[Items from a data source]
------------------------------------------------------------

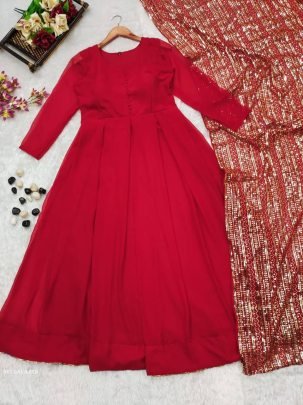 Lava Red Plain Georgette Anarkali Kurtis
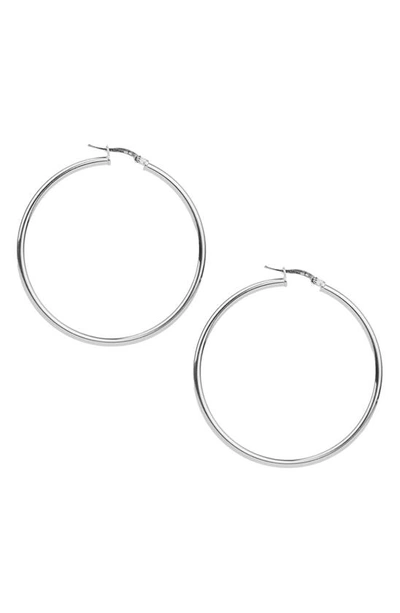 Argento Vivo Essential Tube Hoop Earrings In Silver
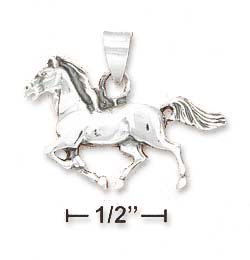 
Sterling Silver Antiqued Small Running Horse Pendant
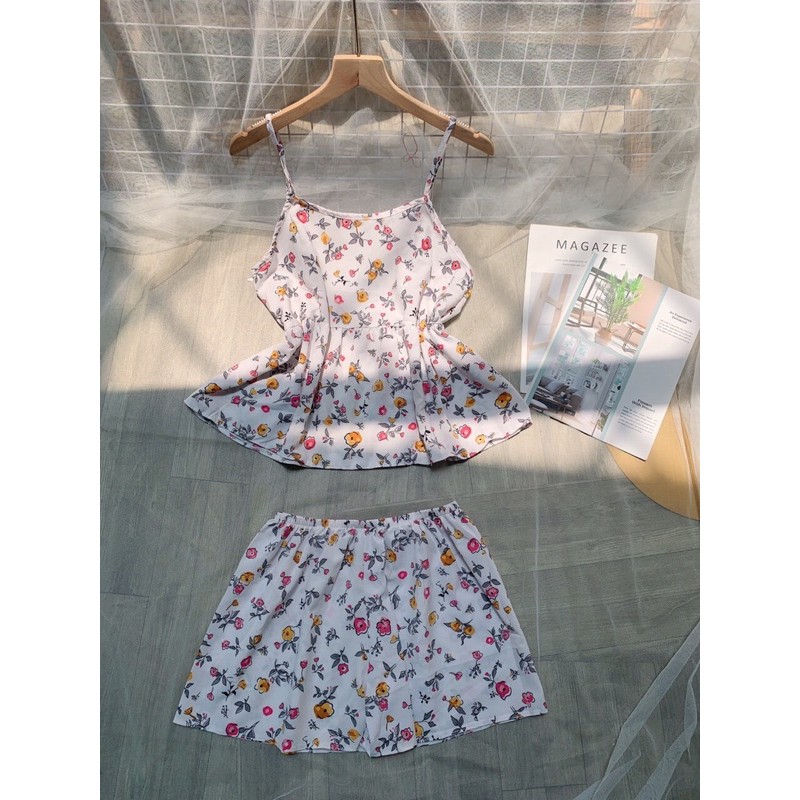 Bộ lụa bông 2 dây mặc nhà mát | BigBuy360 - bigbuy360.vn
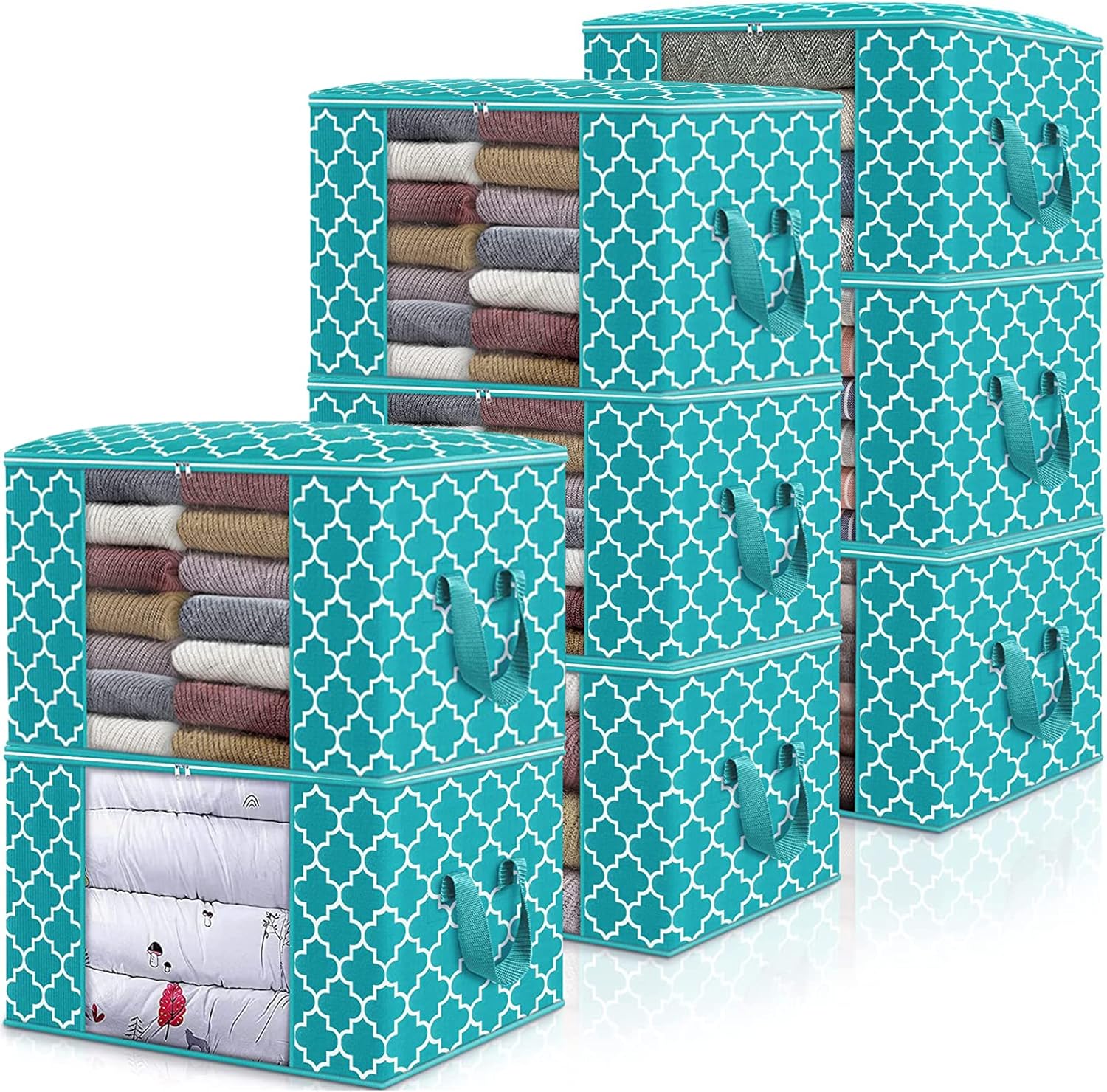 WISELIFE Storage Bags 100L 8-Pack for Blanket and Clothes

------------------------------------------------------------

The lines to copy run from the line containing "Argento Vivo Essential" through the end of the data above; copy exactly those, minus the pictures.

 Argento Vivo Essential Tube Hoop Earrings In Silver
Sterling Silver Antiqued Small Running Horse Pendant
 Bộ lụa bông 2 dây mặc nhà mát | BigBuy360 - bigbuy360.vn
 WISELIFE Storage Bags 100L 8-Pack for Blanket and Clothes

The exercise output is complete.